Se despliega ante nosotros un thriller político con una envidiable capacidad para el manejo de las texturas y para cocinarse a fuego lento, tomando como punto de partida y eje central la ausencia de un personaje.
Pongámonos en contexto. En plena Dictadura argentina, Yvan De Wiel, un banquero privado de Ginebra, se traslada al país para sustituir a su socio, objeto de los más inquietantes rumores y desaparecido de la noche a la mañana. A lo largo de la película, Yvan irá descubriendo aspectos sobre él que nunca hubiera sospechado, sumergiéndose en un abanico de pistas y contradicciones que parecen no llevar a ninguna parte.
Hasta cierto punto, Azor se asemeja a otros thrillers que han lidiado con asuntos de esta índole, labrando a personajes que brillan por su ausencia y que no obstante son el principal interés. A todo esto, vale mucho la pena referirnos a la forma.
Si El Reino, de Rodrigo Sorogoyen, empleaba la música electrónica como catalizadora del suspense, Azor se decanta por la sobriedad expresiva, rara vez se emplean movimientos de cámara que hagan trastabillar el curso del film. Al guión no se le ven las costuras para imbricar imagen y palabra, en parte por la aureola ilustre que recubre toda la película, que es tan consciente de sus virtudes como de sus misterios. En ese sentido, está más próxima al cine atmosférico de Christian Petzold que al de Costa-Gavras, y apunta más al cerebro que al corazón.
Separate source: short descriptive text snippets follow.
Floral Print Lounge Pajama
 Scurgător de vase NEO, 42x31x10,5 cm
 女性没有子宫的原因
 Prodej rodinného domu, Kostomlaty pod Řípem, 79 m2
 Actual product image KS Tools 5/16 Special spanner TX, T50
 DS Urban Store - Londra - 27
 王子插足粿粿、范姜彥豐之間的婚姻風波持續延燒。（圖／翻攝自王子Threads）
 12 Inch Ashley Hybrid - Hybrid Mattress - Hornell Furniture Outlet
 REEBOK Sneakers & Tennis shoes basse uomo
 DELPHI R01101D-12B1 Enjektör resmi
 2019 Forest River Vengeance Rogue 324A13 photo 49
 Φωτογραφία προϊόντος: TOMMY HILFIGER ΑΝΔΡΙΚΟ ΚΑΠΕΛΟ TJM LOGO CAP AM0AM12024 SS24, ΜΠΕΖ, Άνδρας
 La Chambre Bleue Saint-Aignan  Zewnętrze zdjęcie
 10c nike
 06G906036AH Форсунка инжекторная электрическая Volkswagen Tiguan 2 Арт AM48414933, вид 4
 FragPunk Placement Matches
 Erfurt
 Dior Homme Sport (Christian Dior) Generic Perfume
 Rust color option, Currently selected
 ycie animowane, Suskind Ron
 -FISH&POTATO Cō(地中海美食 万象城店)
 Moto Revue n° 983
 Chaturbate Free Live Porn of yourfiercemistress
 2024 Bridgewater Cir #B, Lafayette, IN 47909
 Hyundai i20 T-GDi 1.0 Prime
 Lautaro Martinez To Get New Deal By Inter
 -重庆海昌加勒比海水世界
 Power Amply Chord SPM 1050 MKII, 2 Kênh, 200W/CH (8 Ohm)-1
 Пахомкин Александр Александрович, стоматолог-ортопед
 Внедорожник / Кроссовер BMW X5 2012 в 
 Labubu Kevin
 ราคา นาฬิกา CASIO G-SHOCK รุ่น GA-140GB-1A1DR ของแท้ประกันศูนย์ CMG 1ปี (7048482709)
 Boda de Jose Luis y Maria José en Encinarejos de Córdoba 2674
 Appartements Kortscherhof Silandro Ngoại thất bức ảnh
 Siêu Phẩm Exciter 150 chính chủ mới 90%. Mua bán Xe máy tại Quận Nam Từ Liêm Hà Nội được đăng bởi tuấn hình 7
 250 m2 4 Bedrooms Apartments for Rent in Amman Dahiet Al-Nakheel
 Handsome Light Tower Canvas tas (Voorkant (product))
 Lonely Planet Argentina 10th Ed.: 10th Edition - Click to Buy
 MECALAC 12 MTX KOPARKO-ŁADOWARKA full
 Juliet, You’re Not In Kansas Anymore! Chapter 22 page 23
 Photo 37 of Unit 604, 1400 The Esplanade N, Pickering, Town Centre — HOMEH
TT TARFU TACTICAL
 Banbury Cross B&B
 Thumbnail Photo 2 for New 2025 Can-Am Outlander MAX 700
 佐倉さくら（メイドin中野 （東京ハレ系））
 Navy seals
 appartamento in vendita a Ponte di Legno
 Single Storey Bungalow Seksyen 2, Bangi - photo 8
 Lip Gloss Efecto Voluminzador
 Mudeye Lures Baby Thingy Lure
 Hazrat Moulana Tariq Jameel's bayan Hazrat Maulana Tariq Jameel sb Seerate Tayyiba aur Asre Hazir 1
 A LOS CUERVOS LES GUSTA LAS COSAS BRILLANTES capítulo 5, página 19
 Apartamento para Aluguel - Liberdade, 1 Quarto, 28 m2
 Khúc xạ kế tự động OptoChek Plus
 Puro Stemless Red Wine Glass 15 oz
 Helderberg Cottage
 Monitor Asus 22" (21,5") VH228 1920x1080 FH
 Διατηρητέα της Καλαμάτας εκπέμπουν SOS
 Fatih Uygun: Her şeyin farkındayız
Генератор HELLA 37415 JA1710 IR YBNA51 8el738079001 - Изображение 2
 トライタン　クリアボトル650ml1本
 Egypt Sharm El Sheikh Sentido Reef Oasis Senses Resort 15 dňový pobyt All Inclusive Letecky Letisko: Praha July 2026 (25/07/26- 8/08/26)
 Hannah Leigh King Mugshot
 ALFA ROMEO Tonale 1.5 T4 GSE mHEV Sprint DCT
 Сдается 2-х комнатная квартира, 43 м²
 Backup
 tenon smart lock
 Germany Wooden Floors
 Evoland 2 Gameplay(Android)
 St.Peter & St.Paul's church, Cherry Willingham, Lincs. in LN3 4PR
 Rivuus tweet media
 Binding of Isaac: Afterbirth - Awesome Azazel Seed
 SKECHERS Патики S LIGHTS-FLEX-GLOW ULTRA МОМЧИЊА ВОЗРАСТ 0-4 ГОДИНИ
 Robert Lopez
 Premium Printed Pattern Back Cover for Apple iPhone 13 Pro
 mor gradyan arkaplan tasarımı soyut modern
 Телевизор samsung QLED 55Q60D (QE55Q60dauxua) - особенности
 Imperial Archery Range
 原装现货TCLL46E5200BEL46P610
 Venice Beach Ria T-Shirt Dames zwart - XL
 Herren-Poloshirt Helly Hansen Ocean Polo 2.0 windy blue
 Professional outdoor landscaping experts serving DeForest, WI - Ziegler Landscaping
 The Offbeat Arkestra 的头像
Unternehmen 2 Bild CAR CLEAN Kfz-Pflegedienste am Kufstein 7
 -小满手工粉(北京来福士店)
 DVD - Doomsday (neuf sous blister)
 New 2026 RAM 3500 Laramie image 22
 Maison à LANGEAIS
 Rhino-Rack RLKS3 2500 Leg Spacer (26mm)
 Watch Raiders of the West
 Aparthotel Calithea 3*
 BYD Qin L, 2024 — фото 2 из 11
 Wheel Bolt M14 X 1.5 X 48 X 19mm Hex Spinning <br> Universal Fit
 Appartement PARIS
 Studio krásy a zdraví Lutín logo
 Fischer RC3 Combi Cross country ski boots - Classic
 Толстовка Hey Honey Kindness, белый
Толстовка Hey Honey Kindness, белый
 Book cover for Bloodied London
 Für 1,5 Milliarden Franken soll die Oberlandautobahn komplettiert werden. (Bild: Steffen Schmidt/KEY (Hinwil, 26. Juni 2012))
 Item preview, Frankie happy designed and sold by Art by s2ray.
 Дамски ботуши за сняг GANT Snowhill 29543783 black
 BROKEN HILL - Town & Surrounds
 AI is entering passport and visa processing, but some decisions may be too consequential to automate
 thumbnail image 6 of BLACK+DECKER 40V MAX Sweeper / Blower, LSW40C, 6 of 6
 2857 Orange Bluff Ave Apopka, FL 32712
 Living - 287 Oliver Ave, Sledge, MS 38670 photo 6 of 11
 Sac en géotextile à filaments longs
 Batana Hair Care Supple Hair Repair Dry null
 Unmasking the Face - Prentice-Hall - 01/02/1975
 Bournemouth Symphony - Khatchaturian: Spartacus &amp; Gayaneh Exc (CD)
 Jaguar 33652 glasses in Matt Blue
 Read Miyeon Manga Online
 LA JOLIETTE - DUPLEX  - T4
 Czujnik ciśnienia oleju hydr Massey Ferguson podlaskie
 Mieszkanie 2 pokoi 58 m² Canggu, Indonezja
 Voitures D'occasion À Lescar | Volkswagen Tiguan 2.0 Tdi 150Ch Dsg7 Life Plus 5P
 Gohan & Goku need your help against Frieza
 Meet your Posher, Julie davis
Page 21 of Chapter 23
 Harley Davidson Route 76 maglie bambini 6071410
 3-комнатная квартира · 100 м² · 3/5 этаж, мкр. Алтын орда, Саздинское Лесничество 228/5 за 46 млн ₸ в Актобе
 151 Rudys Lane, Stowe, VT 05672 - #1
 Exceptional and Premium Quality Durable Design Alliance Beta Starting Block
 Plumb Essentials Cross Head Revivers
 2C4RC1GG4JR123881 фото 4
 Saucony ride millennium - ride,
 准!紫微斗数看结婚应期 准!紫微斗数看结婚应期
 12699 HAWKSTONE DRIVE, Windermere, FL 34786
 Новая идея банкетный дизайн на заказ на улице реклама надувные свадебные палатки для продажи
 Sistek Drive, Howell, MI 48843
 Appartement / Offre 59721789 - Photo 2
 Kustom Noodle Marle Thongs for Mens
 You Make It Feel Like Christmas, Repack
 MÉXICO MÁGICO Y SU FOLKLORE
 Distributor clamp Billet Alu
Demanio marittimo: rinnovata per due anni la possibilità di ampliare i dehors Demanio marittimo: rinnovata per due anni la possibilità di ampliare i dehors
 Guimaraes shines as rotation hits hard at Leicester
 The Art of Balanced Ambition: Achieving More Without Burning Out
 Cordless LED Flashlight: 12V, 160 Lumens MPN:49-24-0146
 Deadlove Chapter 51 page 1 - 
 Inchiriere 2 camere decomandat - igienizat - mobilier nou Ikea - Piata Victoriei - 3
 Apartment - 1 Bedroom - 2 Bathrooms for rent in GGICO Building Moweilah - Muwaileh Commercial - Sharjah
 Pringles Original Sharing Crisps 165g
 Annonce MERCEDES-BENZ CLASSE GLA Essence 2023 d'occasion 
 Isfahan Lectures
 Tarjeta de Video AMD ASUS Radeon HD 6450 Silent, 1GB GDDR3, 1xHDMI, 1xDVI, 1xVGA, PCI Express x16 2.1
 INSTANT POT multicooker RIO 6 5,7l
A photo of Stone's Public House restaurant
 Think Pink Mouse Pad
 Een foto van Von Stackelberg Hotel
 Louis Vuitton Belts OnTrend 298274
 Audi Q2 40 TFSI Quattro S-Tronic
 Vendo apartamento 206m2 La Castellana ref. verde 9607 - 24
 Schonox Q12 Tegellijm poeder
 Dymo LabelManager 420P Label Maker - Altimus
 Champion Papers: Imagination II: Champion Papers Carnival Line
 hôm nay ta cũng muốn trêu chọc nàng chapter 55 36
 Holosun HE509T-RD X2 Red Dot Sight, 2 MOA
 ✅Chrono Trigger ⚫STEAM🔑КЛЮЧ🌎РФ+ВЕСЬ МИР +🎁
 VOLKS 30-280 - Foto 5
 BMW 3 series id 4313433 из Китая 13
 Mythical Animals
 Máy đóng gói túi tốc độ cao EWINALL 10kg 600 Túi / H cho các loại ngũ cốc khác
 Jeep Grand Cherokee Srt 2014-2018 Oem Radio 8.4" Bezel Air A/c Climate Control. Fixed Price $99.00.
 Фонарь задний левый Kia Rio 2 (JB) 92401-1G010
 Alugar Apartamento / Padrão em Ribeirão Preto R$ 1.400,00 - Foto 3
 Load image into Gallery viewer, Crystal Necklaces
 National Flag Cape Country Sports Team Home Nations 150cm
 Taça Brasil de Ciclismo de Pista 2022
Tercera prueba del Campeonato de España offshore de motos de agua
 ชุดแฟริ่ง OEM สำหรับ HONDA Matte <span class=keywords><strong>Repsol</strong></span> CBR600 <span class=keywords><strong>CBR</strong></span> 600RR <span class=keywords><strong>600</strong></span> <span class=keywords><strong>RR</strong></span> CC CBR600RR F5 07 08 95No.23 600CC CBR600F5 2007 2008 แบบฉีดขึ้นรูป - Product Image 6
Fontana prescinde de recursos barrocos y de cualquier estrategia sentimental para profundizar en el estudio de personajes, y cada escena se vierte en la siguiente dejando el regusto de que el relato se va ensombreciendo más a cada minuto que pasa, hasta derivar en una escena final bañada en la nocturnidad. El apartado sonoro es un personaje más que marca los puntos de inflexión, como en las intrigas clásicas, y a pesar de que en algún punto la película carece de nervio dramático, el aparataje audiovisual transporta el discurso a buen puerto.
El protagonismo del políglota Fabrizio Rongione, conocido por haber trabajado con Eugène Green o con los hermanos Dardenne, siempre es bienvenido, pues su estampa es inquebrantable pero su mirada siempre parece que encierre secretismos.
Al final, Andreas Fontana se presta a decirnos que toda labor diplomática, bancaria o política lleva grabada a fuego la espesura de un laberinto borgesiano, ciencia de la existencia y dominio de lo irresuelto.